亡きお父さんが、こまめに手入れをしていたお蔭で伝統的な日本建築の趣ある内装を残していた母屋。
お母さんも娘も孫も、大好きなこの家の通り庭の雰囲気を一切変えることなく、お母さんが、土間から楽に上り下りできるよう専用の手摺りだけ、新たに取り付けました。
玄関脇には、来客がちょっと腰掛けるのに丁度いいスペースを作り、その脇には、遊びに来た娘や孫たちの分まで入る下駄箱を用意しました。

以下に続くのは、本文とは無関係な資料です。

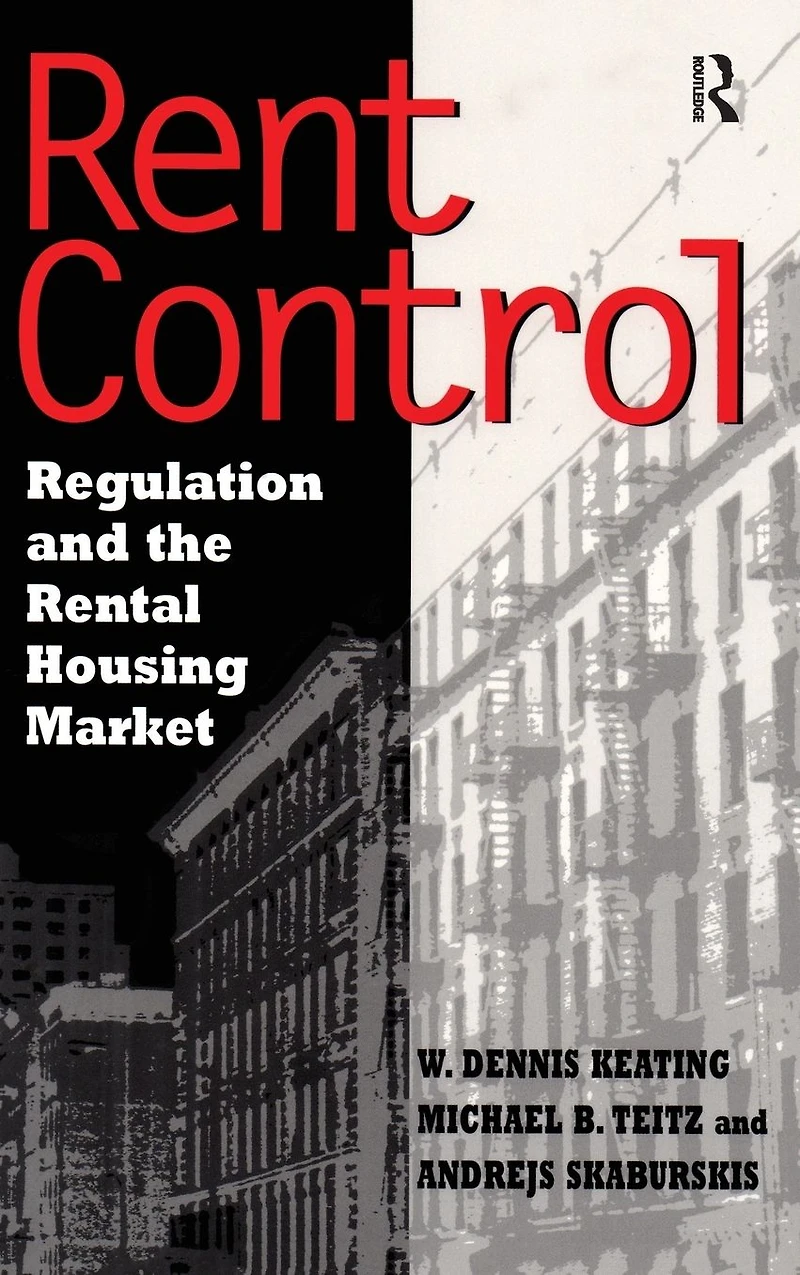 Rent Control North America and Four European Countries: Regulation the Rental Housing Market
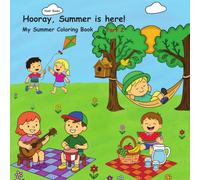 Hooray, Summer Is Here! My Summer Coloring Book part 2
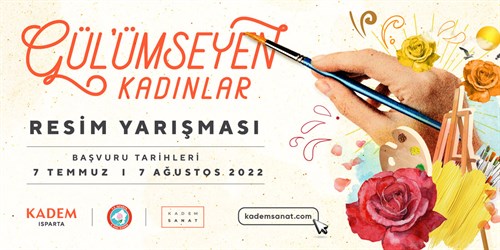 GÜLLER DİYARI ISPARTA’DAN “GÜLÜMSEYEN KADINLAR” KONULU RESİM YARIŞMASI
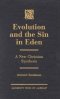Evolution and the Sin in Eden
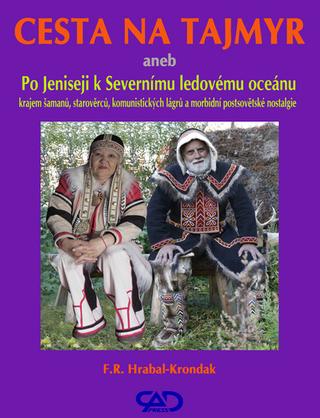 Kniha: Cesta na Tajmyr - aneb Po Jeniseji k Severnímu ledovému oceánu - F. R. Hrabal-Krondak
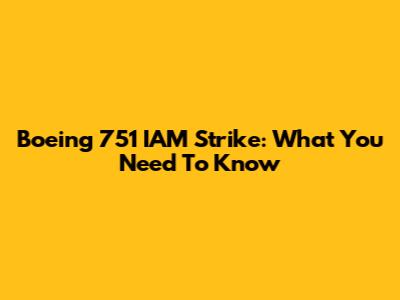 Boeing 751 IAM Strike: What You Need To Know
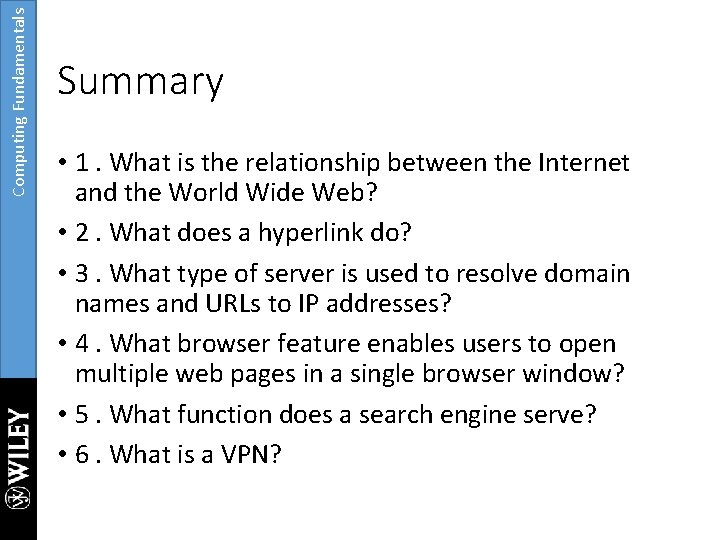 Computing Fundamentals Summary • 1. What is the relationship between the Internet and the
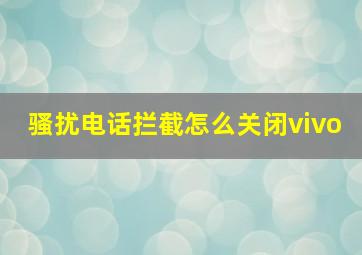 骚扰电话拦截怎么关闭vivo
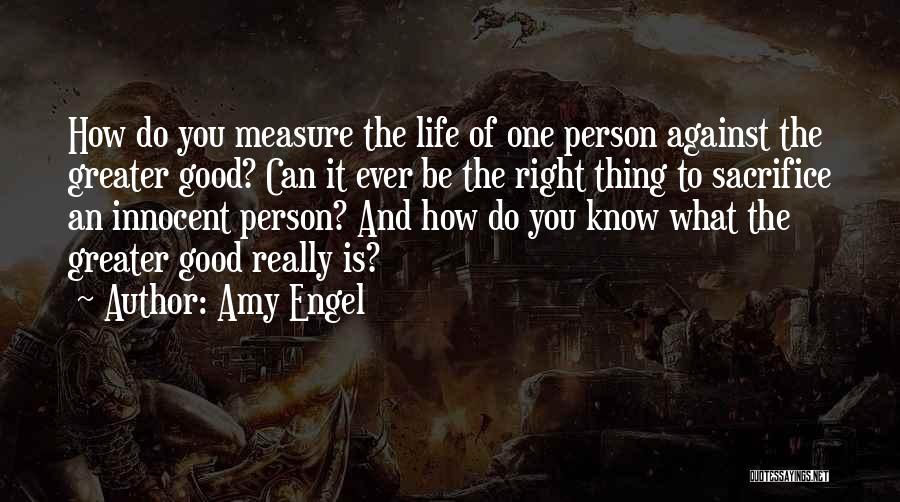 Sacrifice Greater Good Quotes By Amy Engel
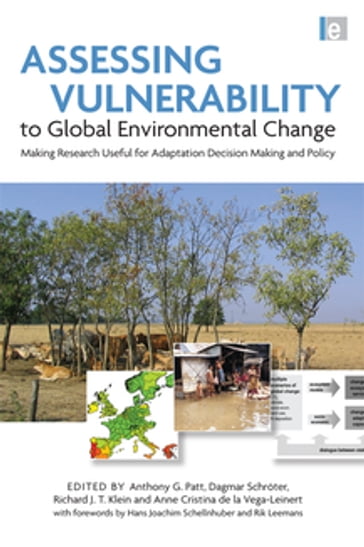 Assessing Vulnerability to Global Environmental Change - Richard J. T. J. T. Klein - Anthony G. G. Patt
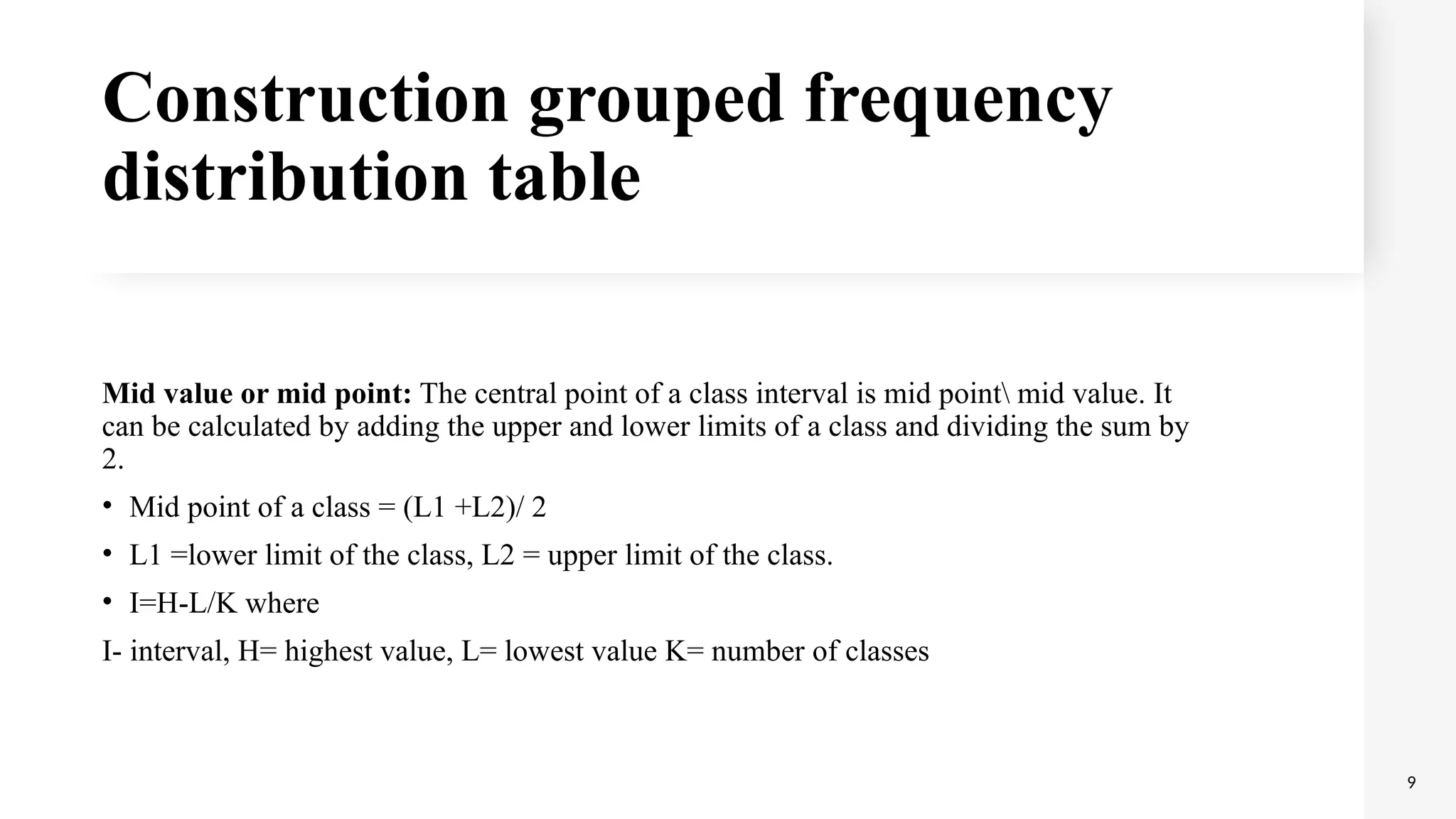 Construction grouped frequency
distribution table
Mid value or mid point: The central point of a class interval is mid point mid value. It
can be calculated by adding the upper and lower limits of a class and dividing the sum by
2.
• Mid point of a class = (L1 +L2)/ 2
• L1 =lower limit of the class, L2 = upper limit of the class.
• I=H-L/K where
I- interval, H= highest value, L= lowest value K= number of classes
9
 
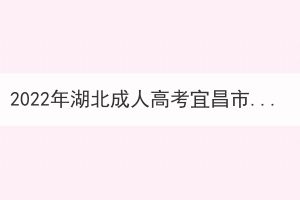 2022年湖北成人高考宜昌市考生因疫情原因申请退费公告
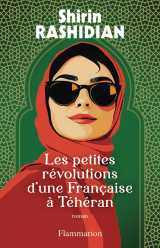 Les petites révolutions d'une française à téhéran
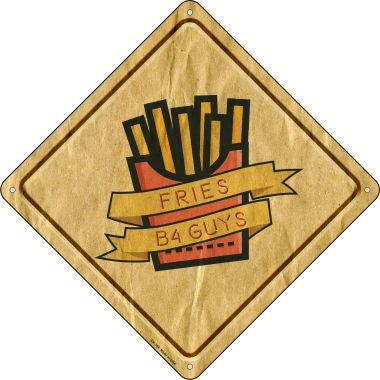 Fries Before Guys Novelty Metal Crossing Sign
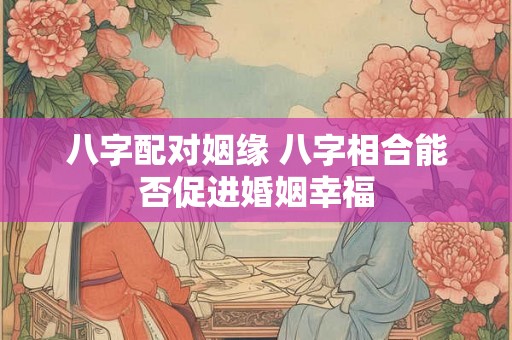八字配对姻缘 八字相合能否促进婚姻幸福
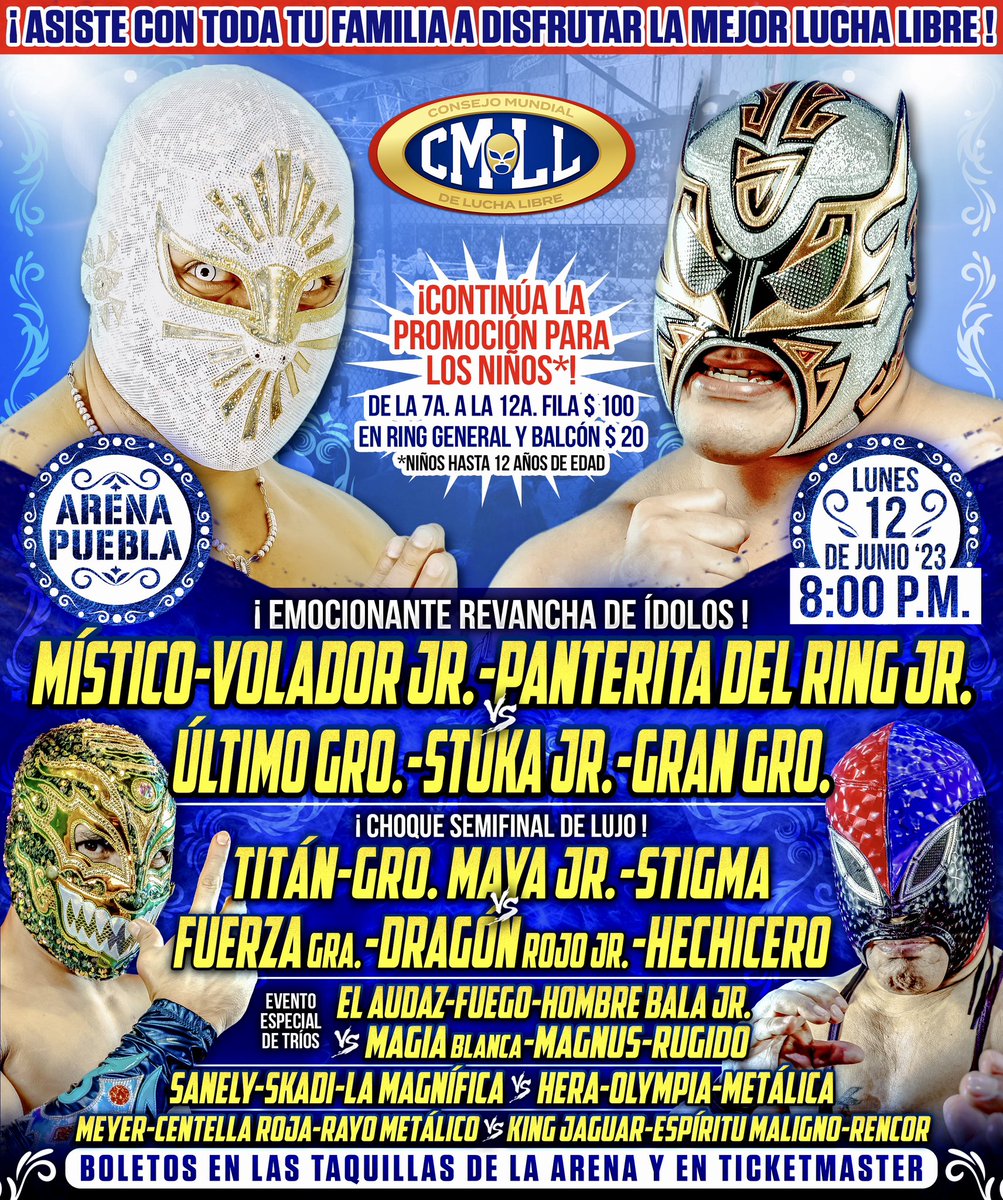 🔜 
📍Arena Puebla 
🗓️ Lunes 12 de Junio ‘23
🕗 8:00 p.m. 

🎟️ Boletos en taquillas y en Ticketmaster:
ticketmaster.com.mx/event/14005D7C…

#LunesClásicoCMLL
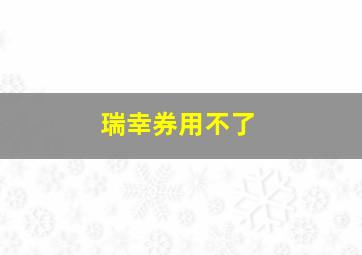 瑞幸券用不了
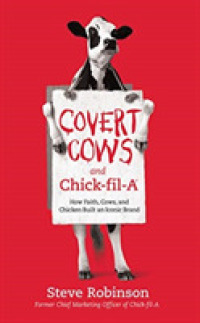 Covert Cows and Chick-fil-A (6-Volume Set) : How Faith, Cows, and Chicken Built an Iconic Brand （Unabridged）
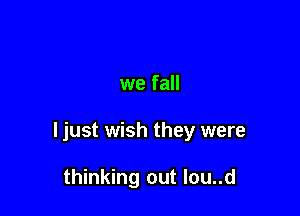 we fall

ljust wish they were

thinking out Iou..d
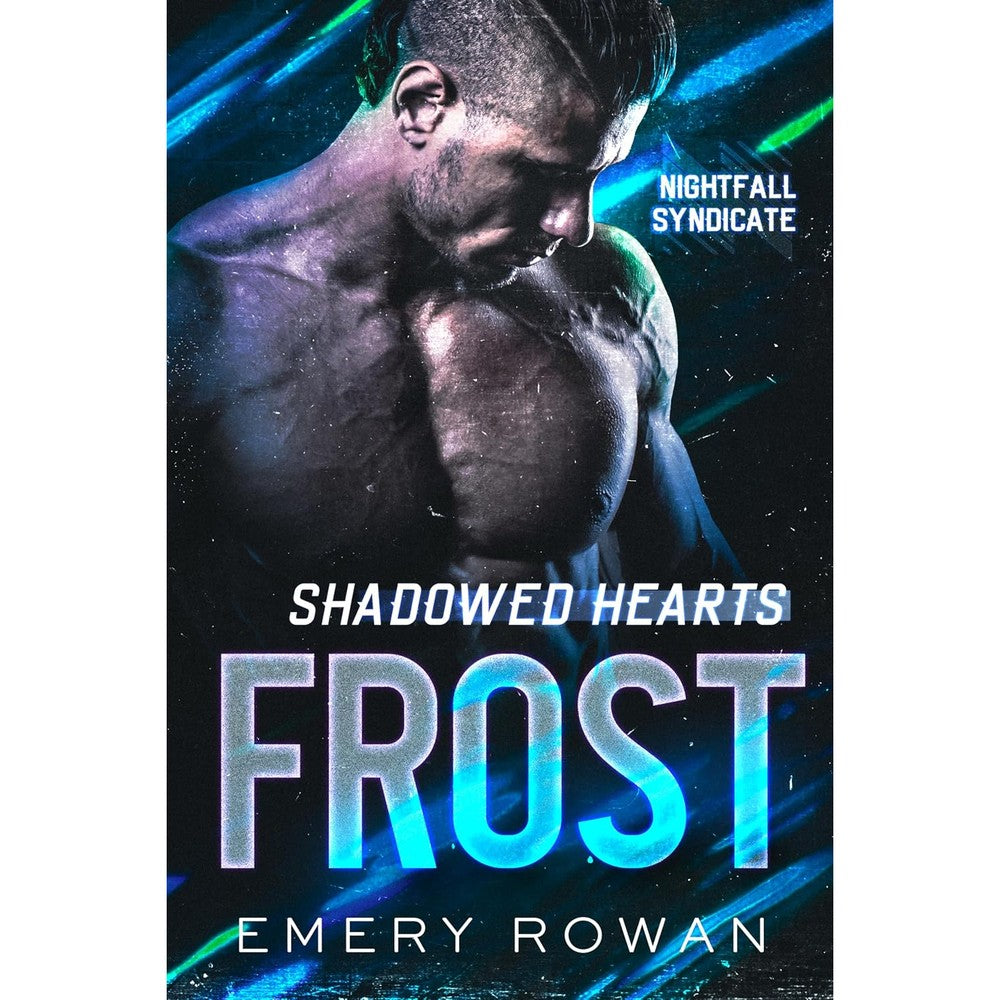 Shadowed Hearts: Frost (Nightfall Syndicate Book 2)
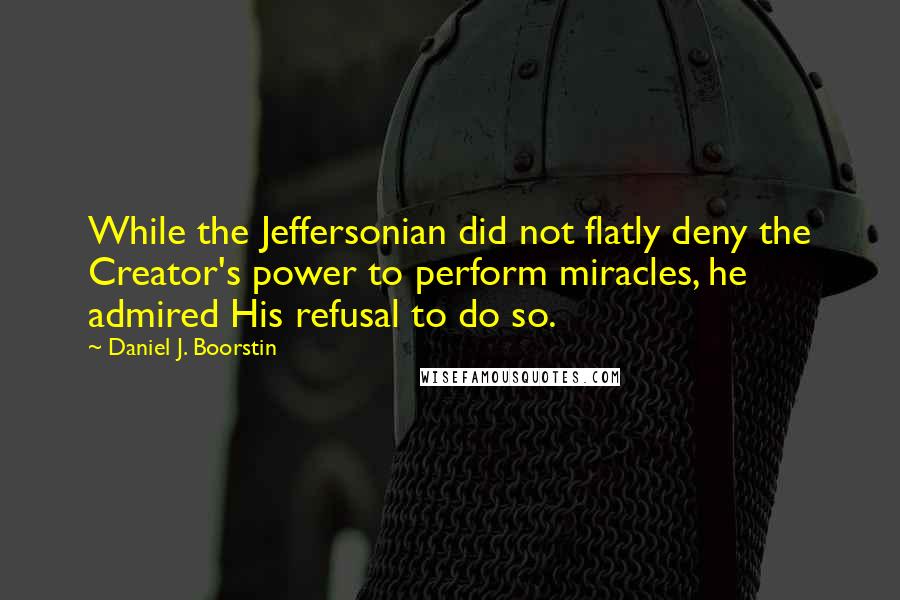 Daniel J. Boorstin Quotes: While the Jeffersonian did not flatly deny the Creator's power to perform miracles, he admired His refusal to do so.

吹き抜けにしたことで、格段に明るくなった玄関のすぐ脇にあるお客さんがすぐに上がれる4畳半の和室を、新たに客間にしました。
長時間過ごせる母屋
庭に面した掃き出し窓を開けると、段差なく繋がる濡れ縁が出来ました。
天気のいい日は、ここで日向ぼっこもでき、お友達との会話も弾みそうです。
母屋に初めて出来たキッチンは、庭を眺めながら作業できる対面式。
娘や孫達と食事が作れるよう、調理スペースも広く、収納もたっぷり用意してあります。
以前はわざわざ離れまで行かなければ食事ができませんでしたが、お母さんが「過ごすのが一番気持ちいい」と言う母屋で食事ができるようになりました。
カウンターの横に置かれた茶箪笥は、引越しの時に納屋の中を片付けていたら出て来たもの。
長年まとっていた埃や汚れをきれいに落としてから漆を塗り直し、匠が、正方形の戸に時計を取り付ける一工夫を施しました。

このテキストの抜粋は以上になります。